Seeking to make amends for the historic oppression of black people, officials have put together a detailed plan for potential reparations in a bill that was announced by governor Gavin Newsom.

The law does not stipulate that reparations must be cash payments. Support could come in the form of waiving student loans, paying for public projects or job training.

It does not limit reparations to slavery, although it requires a task force to give special consideration for black people who are descendants of slavery 

“This is not just about California, this is about making an impact, and a dent, across the rest of the country,” governor Newsom said moments after signing the bill during a ceremony broadcast on his YouTube channel.

California never had a government-sanctioned system of slavery. It entered the Union in 1850 as a free state after gold was discovered in the Sierra Nevada mountains.

But the state did let slave-owning whites bring their slaves to California. The Legislature even passed a law making it legal to arrest runaway slaves and return them to their owners.

State legislatures in Texas, New York and Vermont have considered studying reparations, but none have passed measures.

Reparations are not without precedent in American. The US government partially funded German reparations to Holocaust victims following World War II.

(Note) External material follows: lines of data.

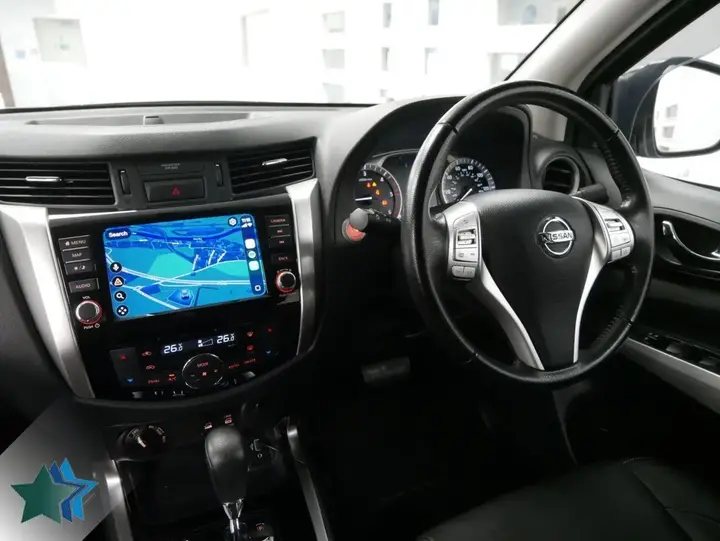 Nissan Navara 2021 photo 2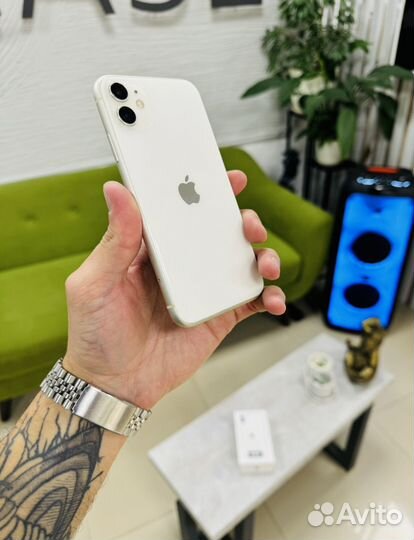 iPhone 11, 64 ГБ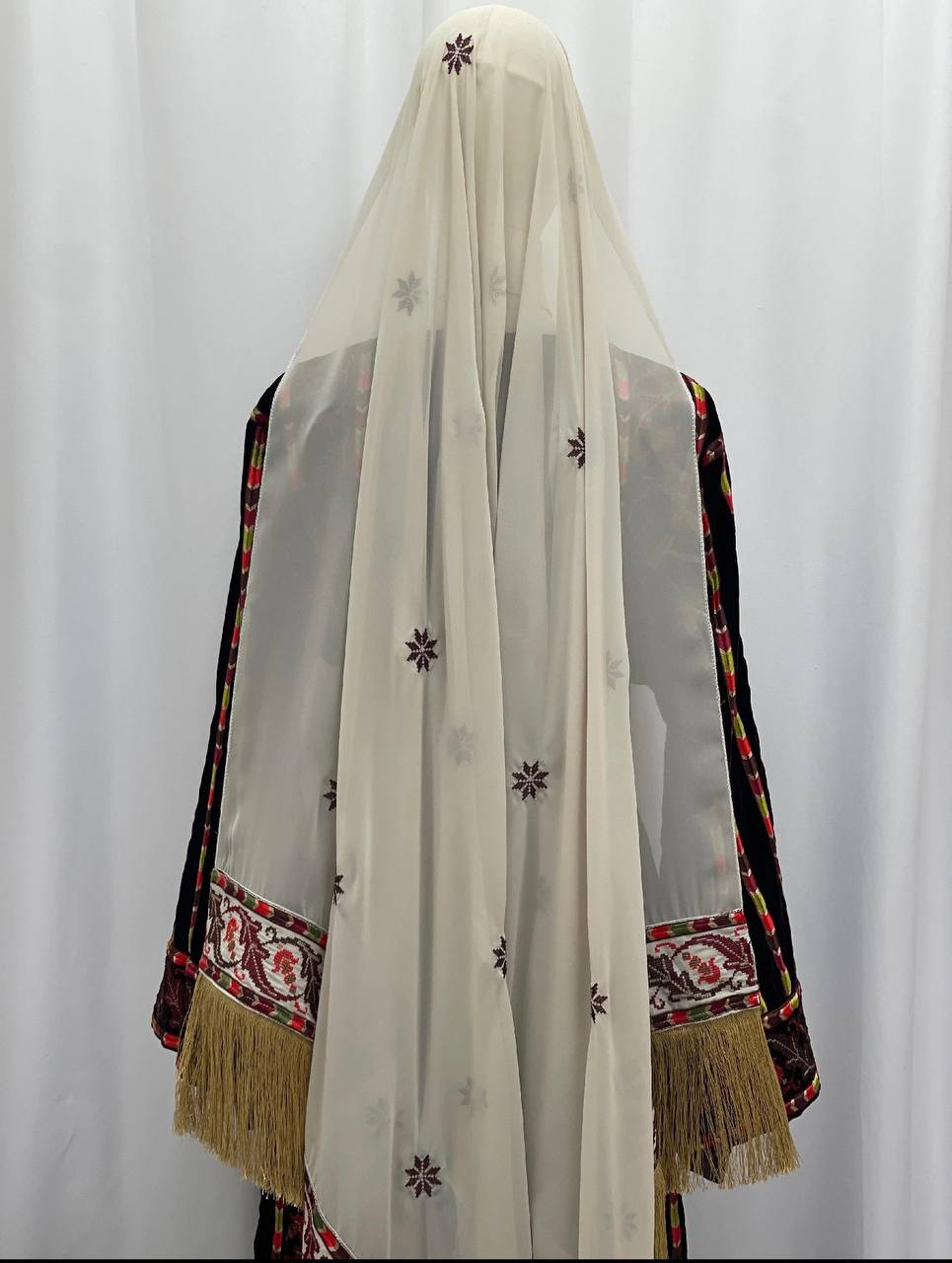 Ivory Heritage Embroidered Shawl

Reparations for slavery have been debated for decades in the United States. A similar proposal to study reparations for black Americans was first introduced in Congress in 1989. It has never passed, but Congress held a hearing on the proposal last year.

And in 1988, the federal government set up a reparations program for Japanese-Americans who were held in concentration camps during World War II.

The news comes amid a wave of unrest in the US  this year over the police killings of black Americas.

Protesters have been taking in place in some cities for months following the deaths of Breonna Taylor in Kentucky and George Floyd in Minneapolis, with demonstrators calling for greater race equality and an end to police misconduct.